Durante décadas fueron parte del paisaje habitual de los hogares argentinos. Las estufas a kerosene calentaban cocinas, comedores y habitaciones cuando el gas natural todavía no llegaba a muchos barrios y distritos.
Con el paso de los años quedaron relegadas, convertidas en una reliquia doméstica que parecía destinada al olvido. Sin embargo, el fuerte incremento en las tarifas de electricidad y gas está provocando un fenómeno inesperado: su regreso.
En San Rafael cada vez son más frecuentes las consultas, búsquedas y publicaciones vinculadas a este tipo de calefactores.
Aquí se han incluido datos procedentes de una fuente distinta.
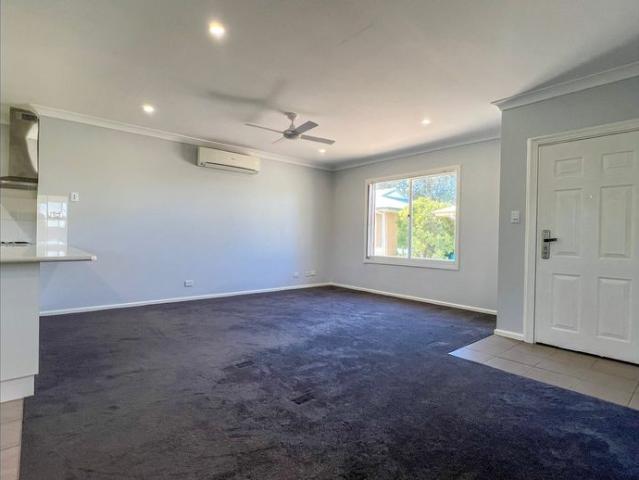House for rent in Parkes, New South Wales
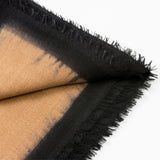 Cashmere Merino Handloom Scarf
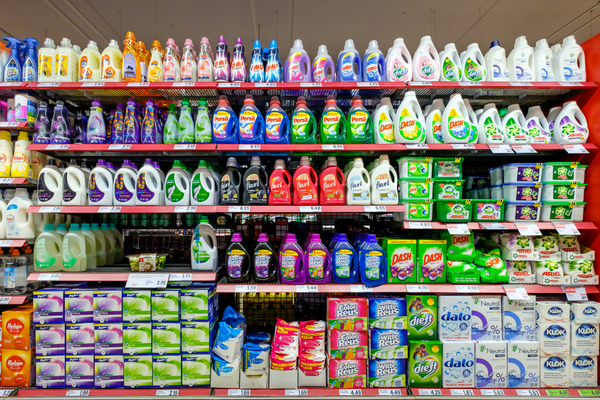 responsabilite-elargie-du-producteur-:-du-nouveau-pour-les-distributeurs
En grupos de compra y venta de Facebook y Marketplace se ofrecen modelos usados a precios que arrancan en los 20 mil pesos, mientras que las versiones nuevas pueden superar los 300 mil pesos.
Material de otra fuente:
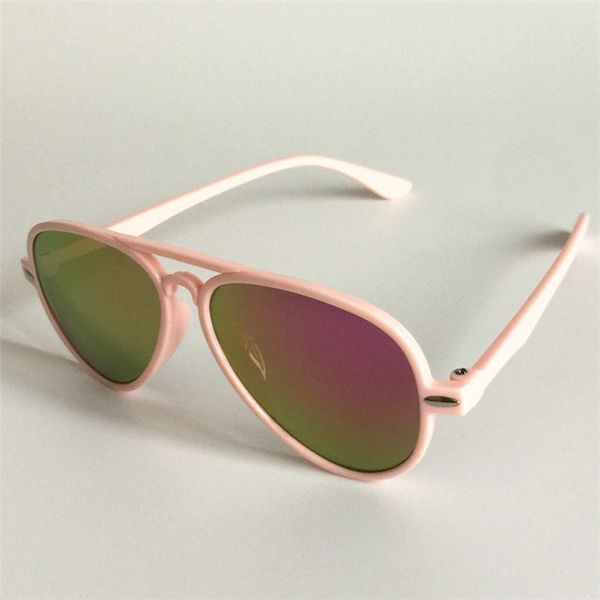 fashion children cut cartoon sunglasses color film eyeglasses anti-uv spectacles adumbra kids candy pink sun glasses eyewear shades, White;black
fashion children cut cartoon sunglasses color film eyeglasses anti-uv spectacles adumbra kids candy pink sun glasses eyewear shades, White;black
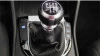 Hyundai Tucson 1.6T 118kW (160CV) Klass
El principal inconveniente no es conseguir la estufa, sino encontrar el combustible. El kerosene, que durante gran parte del siglo XX estuvo presente en prácticamente todos los hogares para calefacción, limpieza, desinfección e incluso para encender el fuego, hoy se ha transformado en un producto difícil de hallar y con una comercialización cada vez más limitada.
Quienes buscan abastecerse señalan que todavía puede conseguirse en algunas estaciones de servicio de San Rafael, como las ubicadas en Salto de las Rosas, Urquiza y Adolfo Calle o Libertador y Sarmiento. El precio ronda actualmente los 3.000 pesos por litro.
ALTERNATIVAS AL GAS
El fenómeno también refleja una realidad energética que atraviesa a miles de familias del departamento. Según los datos del último Censo Nacional, 91.420 sanrafaelinos cocinan o se calefaccionan utilizando garrafas. A ellos se suman 5.212 personas que dependen de la electricidad ante la falta de acceso al gas natural, otras 5.242 que utilizan gas envasado a granel o en tubos (zepelín), cerca de 1.500 que recurren principalmente a la leña o el carbón y 406 que emplean otros combustibles, entre ellos el kerosene.
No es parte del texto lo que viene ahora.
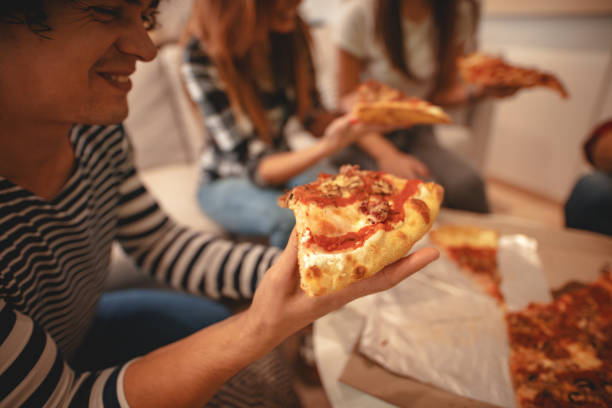 istock Each Slice A Bite Of Love 1713363939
Más allá de la nostalgia, el regreso de estas estufas muestra cómo muchas familias buscan alternativas para enfrentar los costos de la calefacción durante los meses más fríos del año. Lo que hasta hace poco parecía un objeto destinado a los recuerdos de otra época vuelve a ocupar espacio en las conversaciones, los clasificados y algunos hogares del sur mendocino.
Aunque todavía se trata de un mercado reducido, el interés creciente demuestra que, frente a la necesidad, viejas soluciones pueden volver a cobrar protagonismo.